So, in the analysis phase communications experts will usually invoke some truisms, such as it’s the responsibility of the communicator to make the message clear to the receivers, and not the responsibility of the receivers to take in the transmitter’s intended true meaning. Generally speaking, that’s true, but the exceptions to the rule(s) are the dangerous elements here.

For example, back when I was writing the Variance Threshold column for PMNetwork magazine, I had an incident where a fellow wrote to my e-mail address taking me to task for a piece I had written on critical path scheduling, where I discussed variables to consider when deciding how to handle schedule float. This person wrote in a rather condescending tone, challenging my analysis on schedule float based on his assertion that float did not exist. I swear I am not making this up. At first I assumed that nobody who described themselves as a “senior scheduler,” as this person did, could be that ignorant, and therefore took his meaning as being akin to some of Eliyahu Goldratt’s work in the novel The Critical Chain.  In this – again – novel, the project manager protagonist transfers personnel from non-critical path activities to critical ones, thereby shortening the project’s overall duration. Of course, since the idea was being presented in a fictional venue, the tactic succeeded fantastically, the protagonists lived happily ever after, no character ever steps up and says “Hey! Isn’t that tactic identical to the old ‘crashing—the – schedule’ trick?”, and the body of project management theory had been altered (and not necessarily for the better).

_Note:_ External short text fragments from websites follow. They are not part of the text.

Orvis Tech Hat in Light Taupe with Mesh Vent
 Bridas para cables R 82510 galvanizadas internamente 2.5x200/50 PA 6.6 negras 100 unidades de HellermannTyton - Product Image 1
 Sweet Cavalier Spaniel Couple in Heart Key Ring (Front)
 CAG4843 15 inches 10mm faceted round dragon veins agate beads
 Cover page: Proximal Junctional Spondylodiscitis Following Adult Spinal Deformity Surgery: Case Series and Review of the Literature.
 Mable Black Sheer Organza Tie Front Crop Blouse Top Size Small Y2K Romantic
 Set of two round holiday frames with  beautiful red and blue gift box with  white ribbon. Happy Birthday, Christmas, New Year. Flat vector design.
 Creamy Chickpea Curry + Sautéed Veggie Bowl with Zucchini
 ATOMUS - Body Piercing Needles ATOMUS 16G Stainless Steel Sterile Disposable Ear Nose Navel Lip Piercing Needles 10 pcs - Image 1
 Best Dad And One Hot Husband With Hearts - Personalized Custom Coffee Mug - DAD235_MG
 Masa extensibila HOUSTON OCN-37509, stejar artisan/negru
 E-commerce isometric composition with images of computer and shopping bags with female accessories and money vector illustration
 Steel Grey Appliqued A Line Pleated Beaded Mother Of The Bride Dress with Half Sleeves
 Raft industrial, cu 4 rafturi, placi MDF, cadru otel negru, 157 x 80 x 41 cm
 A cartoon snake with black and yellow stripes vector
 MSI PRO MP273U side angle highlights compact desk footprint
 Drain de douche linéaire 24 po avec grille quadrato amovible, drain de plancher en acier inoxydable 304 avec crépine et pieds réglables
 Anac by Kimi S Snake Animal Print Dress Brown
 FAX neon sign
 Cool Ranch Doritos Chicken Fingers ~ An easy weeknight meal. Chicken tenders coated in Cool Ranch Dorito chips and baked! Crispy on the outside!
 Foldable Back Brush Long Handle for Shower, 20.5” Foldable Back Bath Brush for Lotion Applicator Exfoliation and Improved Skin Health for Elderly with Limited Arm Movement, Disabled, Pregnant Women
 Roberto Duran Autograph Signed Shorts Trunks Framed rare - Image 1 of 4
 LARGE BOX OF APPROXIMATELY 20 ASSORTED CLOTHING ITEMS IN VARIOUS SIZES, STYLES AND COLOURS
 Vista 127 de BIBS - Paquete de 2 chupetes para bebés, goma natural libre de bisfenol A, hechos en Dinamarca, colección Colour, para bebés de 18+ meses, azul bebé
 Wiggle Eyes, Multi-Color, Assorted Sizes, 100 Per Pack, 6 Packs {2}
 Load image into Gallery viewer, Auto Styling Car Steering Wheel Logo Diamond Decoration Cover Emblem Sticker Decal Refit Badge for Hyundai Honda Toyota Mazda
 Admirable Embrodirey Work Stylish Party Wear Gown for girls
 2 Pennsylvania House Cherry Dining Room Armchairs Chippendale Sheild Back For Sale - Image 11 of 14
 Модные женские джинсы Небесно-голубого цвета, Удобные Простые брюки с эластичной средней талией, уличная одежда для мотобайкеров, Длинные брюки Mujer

Graciously assuming my provocateur was referring to this bit of shoddy management science, I responded with the reasons I thought “critical chain” was not valid. The e-mail writer wrote again, stating flatly that that wasn’t what he was talking about. Rather, he clarified that schedule float did not exist because (I’m paraphrasing), when a manager told a project team member to do something, well, then, by golly, that thing had to be done then. Clearly, this fellow was resistant to knowledge transfer, at least when it came to CPM or came from me. I was tempted to respond with something along the lines of “Stay here, and make sure he doesn’t leave,” but thought the better of it. I’ve had similar e-mail interactions with those who took exception to my criticizing risk management techniques, some of which were positively hysterical.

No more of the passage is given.